Having long resisted peace overtures from the government, the APRD agreed in March 2008 to join a national process of political dialogue. In the same month the group appointed Jean-Jacques Démafouth, who served as Patassé’s intelligence chief, as its political leader.

In early May, the APRD was reported to be close to signing a peace deal with the government.

Union des forces démocratique pour le rassemblement – UFDR



Photo: Anthony Morland/IRIN
Government forces burnt houses in northern CAR to deny sanctuary to rebel fighters

Active in the northeast and made up largely of the mainly-Muslim Gula ethnic group, it is operationally led by Damane Zacharia, also known as Capt Yao. Its ranks include men who helped President François Bozizé overthrow Patassé in 2003 but subsequently felt disgruntled with the lack of recompense. The group’s leadership said it was fighting to reverse the region’s chronic marginalisation.

In October 2006 the UFDR overran the town of Birao only to be repelled several days later with the help of French paratroopers.

While under arms, the UFDR demanded Bozizé step down or share power. The group signed a peace deal with the government in 2007 and is taking part in a process of national dialogue.

The Front démocratique du people centrafricaine

Rebel group led by Abdoulaye Miskine, real name Martin Koumtamadji. Since Miskine signed a peace accord with the government in 2007, this group has also been involved in the national dialogue process.

Bandits

Known variously as coupeurs de routes (highwaymen), Zaraguina, or simply bandits, criminal gangs who kill, kidnap for ransom, loot and set fire to homes now pose the greatest threat to civilians in the north.

Their attacks have prompted tens of thousands of people to flee their villages for a precarious life in the bush; have hindered access to fields and markets, reduced imports along key trade routes, especially from Cameroon, and delayed the return of CAR refugees living in neighbouring Chad.

Forces Armées Centrafricaine - FACA



Photo: Joseph Benamsse/IRIN
The Paoua market area

The national army, numbering some 5,000 men, only about half of whom are thought to be on active duty at any one time. International human rights groups have accused FACA of burning hundreds of villages during their operations against rebel groups, although their record improved from mid-2007. As well as being undermanned, the army is under-resourced, poorly trained and under-armed, but it is set to undergo major restructuring under a broad reform of the security sector.

Presidential guard

This special service in charge of presidential security contains some police and gendarmerie personnel, but most are drawn from FACA. The presidential guard was singled out by human rights groups for its brutality, although more recent reports suggest it has improved its record and limited its presence largely to the capital. Training and equipment for those in the presidential guard is significantly better that for those in FACA.

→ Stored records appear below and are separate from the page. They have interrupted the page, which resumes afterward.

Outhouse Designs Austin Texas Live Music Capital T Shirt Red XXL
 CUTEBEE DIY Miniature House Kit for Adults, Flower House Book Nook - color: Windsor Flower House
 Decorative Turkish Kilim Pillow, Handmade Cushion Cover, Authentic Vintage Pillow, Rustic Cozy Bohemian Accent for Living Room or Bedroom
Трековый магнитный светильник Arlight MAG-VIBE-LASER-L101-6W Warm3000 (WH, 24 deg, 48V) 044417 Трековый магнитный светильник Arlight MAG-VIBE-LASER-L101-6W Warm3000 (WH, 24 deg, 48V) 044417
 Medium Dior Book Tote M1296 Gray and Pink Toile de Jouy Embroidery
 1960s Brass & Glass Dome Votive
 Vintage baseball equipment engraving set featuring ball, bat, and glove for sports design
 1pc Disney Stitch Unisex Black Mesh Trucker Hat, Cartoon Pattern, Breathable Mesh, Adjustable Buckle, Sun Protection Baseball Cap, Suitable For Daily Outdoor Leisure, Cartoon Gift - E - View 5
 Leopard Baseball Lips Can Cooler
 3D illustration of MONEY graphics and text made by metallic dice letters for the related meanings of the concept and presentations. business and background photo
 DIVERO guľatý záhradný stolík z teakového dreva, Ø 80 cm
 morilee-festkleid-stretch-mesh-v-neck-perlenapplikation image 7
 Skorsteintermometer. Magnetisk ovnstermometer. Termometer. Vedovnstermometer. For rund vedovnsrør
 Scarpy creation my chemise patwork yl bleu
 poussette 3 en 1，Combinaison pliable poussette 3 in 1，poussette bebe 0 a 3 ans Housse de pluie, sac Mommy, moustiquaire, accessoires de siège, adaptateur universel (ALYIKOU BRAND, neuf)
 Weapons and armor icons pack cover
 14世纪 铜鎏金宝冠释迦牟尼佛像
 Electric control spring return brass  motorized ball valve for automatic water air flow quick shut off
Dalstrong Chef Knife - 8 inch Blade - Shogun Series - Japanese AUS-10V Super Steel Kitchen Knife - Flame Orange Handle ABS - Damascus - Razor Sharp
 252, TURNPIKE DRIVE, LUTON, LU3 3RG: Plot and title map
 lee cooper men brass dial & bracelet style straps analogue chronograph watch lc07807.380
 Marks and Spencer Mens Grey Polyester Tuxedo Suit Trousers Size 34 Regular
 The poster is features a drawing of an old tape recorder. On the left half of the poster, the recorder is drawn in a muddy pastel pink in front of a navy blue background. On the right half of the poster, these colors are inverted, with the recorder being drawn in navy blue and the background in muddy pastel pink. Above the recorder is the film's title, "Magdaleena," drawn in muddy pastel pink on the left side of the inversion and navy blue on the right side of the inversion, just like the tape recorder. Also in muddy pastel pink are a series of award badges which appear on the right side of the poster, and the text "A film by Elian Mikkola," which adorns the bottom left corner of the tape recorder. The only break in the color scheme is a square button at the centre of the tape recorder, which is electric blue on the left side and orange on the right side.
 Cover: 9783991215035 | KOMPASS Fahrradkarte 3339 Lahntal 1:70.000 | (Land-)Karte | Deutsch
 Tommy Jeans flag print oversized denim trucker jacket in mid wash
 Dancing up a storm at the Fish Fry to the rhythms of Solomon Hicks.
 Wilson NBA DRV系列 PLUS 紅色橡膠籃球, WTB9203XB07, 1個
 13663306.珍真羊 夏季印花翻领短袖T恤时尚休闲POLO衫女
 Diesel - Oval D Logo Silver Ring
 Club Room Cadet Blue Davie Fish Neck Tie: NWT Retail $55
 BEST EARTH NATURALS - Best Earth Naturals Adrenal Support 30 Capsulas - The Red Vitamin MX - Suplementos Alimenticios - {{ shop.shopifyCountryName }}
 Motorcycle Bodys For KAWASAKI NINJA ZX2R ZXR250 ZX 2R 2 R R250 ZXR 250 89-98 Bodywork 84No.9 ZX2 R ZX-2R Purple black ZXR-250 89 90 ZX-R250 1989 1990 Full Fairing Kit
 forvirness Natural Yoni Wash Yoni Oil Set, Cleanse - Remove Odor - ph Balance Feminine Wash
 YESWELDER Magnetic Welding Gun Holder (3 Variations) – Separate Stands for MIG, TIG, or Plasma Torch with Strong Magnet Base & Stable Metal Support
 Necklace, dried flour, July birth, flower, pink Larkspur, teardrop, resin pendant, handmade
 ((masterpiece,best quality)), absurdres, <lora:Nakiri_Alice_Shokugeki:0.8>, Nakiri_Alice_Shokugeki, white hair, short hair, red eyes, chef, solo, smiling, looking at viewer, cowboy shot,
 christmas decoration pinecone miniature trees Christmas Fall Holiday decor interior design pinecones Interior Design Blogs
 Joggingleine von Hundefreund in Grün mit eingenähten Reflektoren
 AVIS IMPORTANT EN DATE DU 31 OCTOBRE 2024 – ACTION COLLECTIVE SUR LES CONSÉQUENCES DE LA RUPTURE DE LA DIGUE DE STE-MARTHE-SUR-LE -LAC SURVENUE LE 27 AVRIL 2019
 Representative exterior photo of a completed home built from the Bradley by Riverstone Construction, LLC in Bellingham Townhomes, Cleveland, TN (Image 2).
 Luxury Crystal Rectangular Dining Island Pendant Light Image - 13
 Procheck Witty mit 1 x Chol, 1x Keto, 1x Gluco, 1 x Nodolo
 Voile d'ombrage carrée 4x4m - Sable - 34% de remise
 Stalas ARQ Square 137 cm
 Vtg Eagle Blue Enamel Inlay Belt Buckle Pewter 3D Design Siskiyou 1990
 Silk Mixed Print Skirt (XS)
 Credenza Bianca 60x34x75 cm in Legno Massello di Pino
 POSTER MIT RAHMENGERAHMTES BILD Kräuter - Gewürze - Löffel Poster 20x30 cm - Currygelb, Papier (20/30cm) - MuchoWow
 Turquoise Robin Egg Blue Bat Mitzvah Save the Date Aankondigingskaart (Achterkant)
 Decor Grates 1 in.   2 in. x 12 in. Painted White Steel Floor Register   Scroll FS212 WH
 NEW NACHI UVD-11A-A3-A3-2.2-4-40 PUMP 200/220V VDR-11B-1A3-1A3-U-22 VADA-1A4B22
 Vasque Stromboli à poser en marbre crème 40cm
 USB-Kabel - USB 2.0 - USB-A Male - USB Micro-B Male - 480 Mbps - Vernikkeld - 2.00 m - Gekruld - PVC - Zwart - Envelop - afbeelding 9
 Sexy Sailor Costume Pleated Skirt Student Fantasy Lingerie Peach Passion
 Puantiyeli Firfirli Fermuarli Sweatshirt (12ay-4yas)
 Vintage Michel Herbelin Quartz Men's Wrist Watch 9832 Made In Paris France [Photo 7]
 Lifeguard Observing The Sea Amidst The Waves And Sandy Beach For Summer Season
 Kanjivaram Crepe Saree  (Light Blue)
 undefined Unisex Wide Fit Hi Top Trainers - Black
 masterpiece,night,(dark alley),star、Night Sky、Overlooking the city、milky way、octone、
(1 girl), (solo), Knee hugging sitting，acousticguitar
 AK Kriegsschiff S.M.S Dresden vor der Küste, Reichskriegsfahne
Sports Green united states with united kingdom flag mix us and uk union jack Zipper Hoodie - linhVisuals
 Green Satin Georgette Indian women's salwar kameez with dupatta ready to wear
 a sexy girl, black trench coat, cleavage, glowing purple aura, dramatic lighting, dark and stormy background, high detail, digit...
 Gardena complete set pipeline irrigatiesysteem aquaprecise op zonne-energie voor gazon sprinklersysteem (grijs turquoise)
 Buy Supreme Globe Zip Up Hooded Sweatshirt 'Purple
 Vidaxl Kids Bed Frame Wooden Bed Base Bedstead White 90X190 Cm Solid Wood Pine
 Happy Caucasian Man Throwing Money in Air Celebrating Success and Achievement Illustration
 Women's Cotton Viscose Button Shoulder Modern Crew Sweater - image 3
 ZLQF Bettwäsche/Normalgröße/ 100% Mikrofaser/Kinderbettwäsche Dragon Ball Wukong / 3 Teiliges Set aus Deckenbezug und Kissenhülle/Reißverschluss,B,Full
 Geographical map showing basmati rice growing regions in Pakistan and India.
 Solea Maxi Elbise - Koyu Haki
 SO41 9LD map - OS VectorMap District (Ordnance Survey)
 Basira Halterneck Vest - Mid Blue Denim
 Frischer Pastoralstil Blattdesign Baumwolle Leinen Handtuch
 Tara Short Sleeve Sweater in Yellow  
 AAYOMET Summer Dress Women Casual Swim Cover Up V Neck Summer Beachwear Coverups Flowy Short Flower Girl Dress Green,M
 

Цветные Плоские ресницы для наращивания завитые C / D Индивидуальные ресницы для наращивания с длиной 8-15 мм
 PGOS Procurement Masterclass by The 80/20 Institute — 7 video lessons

European Force (EUFOR) and the UN Mission in CAR and Chad (MINURCAT)

EUFOR is a European Union force authorised by the UN Security Council to operate in both eastern Chad and northeastern CAR, where it has a mandate to protect civilians, facilitate humanitarian assistance and protect UN personnel. It is expected to number 3,700 troops when it reaches full strength.

MINURCAT is a UN force whose role is training police and improving judicial infrastructure. It is made up of 350 police and military personnel.

The two forces work hand-in-hand and, in CAR, are deployed in the northeastern town of Birao.

CEMAC Multinational Force - FOMUC

Deployed by the Economic and Monetary Union of Central Africa (CEMAC) in 2002 to support the regime of then president Ange-Félix Patassé, it is made up of 380 troops from the Republic of Congo, Gabon and Chad. Funded by the European Commission and France, FOMUC has bases in several parts of the country and patrols main roads. As well as providing security, FOMUC’s role includes helping to restructure the national army to tackle Zaraguina bandits.